Hacker News .hnnew | past | comments | ask | show | jobs | submit | ralphb's commentslogin

> It's also the constant stream of digital nomad influencers on Twitter who sell extremely distorted, rosy, and often times false dreams to indie entrepreneurs like myself.

I believe that all sales are about selling into peoples dreams. I am sure that the false dreams you refer are an extremely good business and a willing market, because - who doesn't want to buy the dream of being a successful entrepreneur?

Ironically, assuming these people are creating products primarily based on their own experiences, there might not be anything false about it - it's just that you've trying to sell into less desirable dreams!

Fundamentally I believe that for me it is impossible to passionately pursue stuff I am not really interested in. This limits the desirability of the dreams I can sell into, and I have come to terms with that. You might even think of this as bad luck.

I've also come to terms with the fact that I have to create for myself first, and any interest I get from other people is purely a bonus. Obviously that doesn't pay the bills :-)


> I believe that all sales are about selling into peoples dreams.

Nah, there's selling the dream of quitting the 9-to-5, financial independence, control over one's own time. That is what this is all about. It's on a totally different level than selling the dream of, I don't know, running a marathon (by selling you a running shoe) or stopping the flow of your period with a tampon. These are actual useful products.

IMHO, selling the dream of quitting the rat race is financially extremely lucrative – and a somewhat cheap shot.


I a have a feeling that most influencers live off the story, not off the actual product they built. They sell coaching for how to live the great life. this works well, but in the end is nothing more than a Ponzi scheme or MLM scam.


I'm confused and very far from an expert here. What is wrong with parsers, and what is the alternative?


A specific class of parsers

>parsers for untrusted input in C


Pretty much all input is untrusted unless it originated (exclusively!) from something with more permissions that is trustworthy.

The kernel is written in C.

So that pretty much means all parsers written in C and every other language should consider all input untrustworthy, no?


Linux is probably the most carefully constructed C codebase in existence and still falls in to C pitfalls semi regularly. Every other project has no hope of safely using C. It's looking more and more like Linux should be carefully rewritten in Rust. It's a monstrous task but I can see it happening over the next decade.
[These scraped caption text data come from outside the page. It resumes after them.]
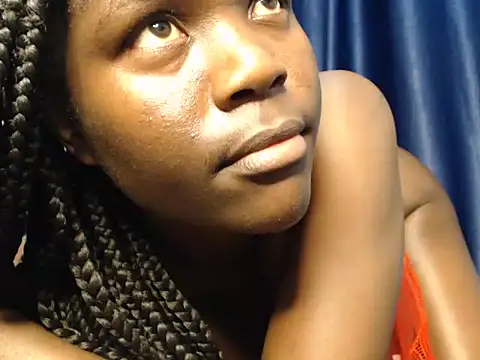 desires-chocolate webcam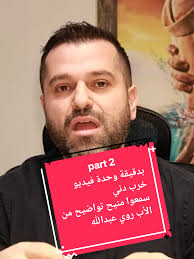 أهمية الصلاة وتأثيرها في حياتنا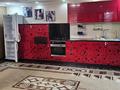 2-бөлмелі пәтер · 60 м² · 1/5 қабат, 2 микрорайон 31, бағасы: 200 000 ₸ в Конаеве — фото 2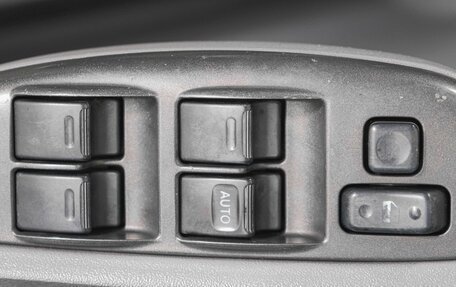 Toyota Vitz, 2000 год, 329 000 рублей, 20 фотография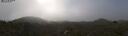 ./images/calvert/refstation/20260716/refstation20260716_090502M.jpg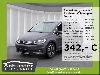 VW Touran Highline 2.0TDI*DSG AHK Panodach Massage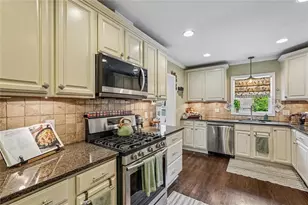 1631 Fearn Cir NE, Brookhaven, GA 30319 - Photo 21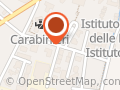 Bottoni Gandossi Ottorino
I agree with the spirit of your comment.

> Linux is probably the most carefully constructed C codebase in existence and still falls in to C pitfalls semi regularly.
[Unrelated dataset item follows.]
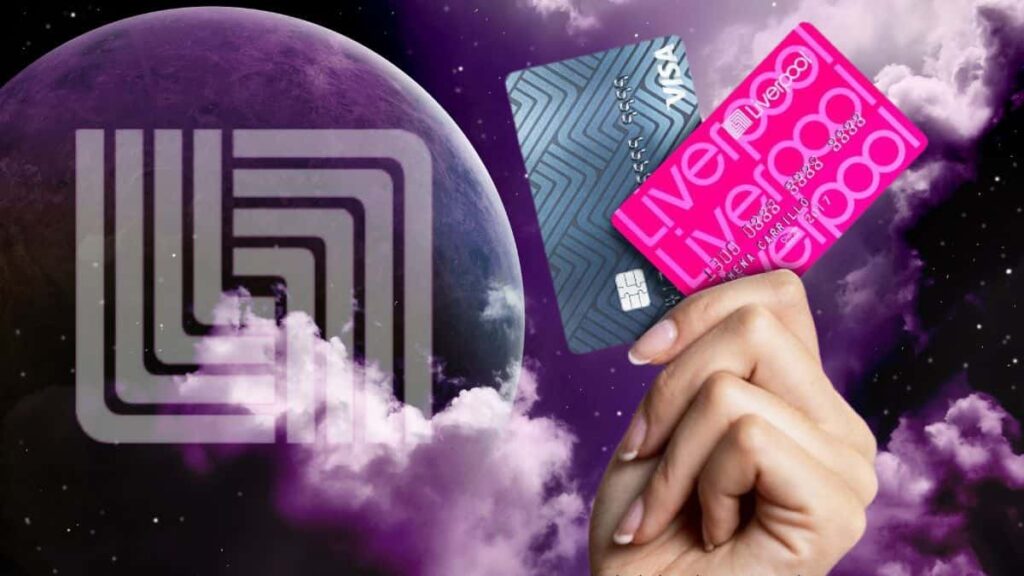 Y aura-t-il une vente nocturne pour la Saint-Valentin en 2026 ?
My guess is that it would actually be OpenBSD, but I'm not sure either way.


That didn't answer anything. If you want to do anything with your input, you have to run it through a parser. Doesn't matter if it's untrusted or not. Your only options are ignoring the input, echoing it somewhere, or parsing it.
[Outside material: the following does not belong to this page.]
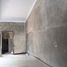 3 Habitación Casa en venta en Seyegan, Yogyakarta, Seyegan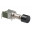 MB2065SS2W30-CA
They're saying don't write such a parser in C. Use something else (memory safe language, parser generator, whatever).


And then do what with it? Throw it away?

If it hands it to a C program, that C program needs to parse (in some form!) those values!

How is a C program expected to ever do anything if it can’t safely handle input?


Untrusted input -> memory-safe parser -> trusted input -> C program.

Probably not that important for `ls`, probably worth it for OpenSSL.


The challenge of course is the links to the ‘memory safe parser’, or how it gets from the untrusted input to it mediated by C, correct?


Right, but you do have the option of writing that parser in a language other than C. And given how often severe security issues are caused by such parsers written in C, one probably ought to choose a different language, or at least use C functions and string types that store a length rather than relying on null termination.


>>>>> Why are people still using parsers for untrusted input in C?

No matter what the parser itself is written in, if you're writing in C you'll be using the parser in C.


If you have the input in a buffer of known length in C, hand it off to a (dynamic or static) library written in a safe language, and get back trusted parsed output, then there's much less attack surface in your C code.


The issue in many of these cases is there appears to be no canonical safe way to know the length of the input in C, and people apparently screw up keeping track of the lengths of the buffers all the time.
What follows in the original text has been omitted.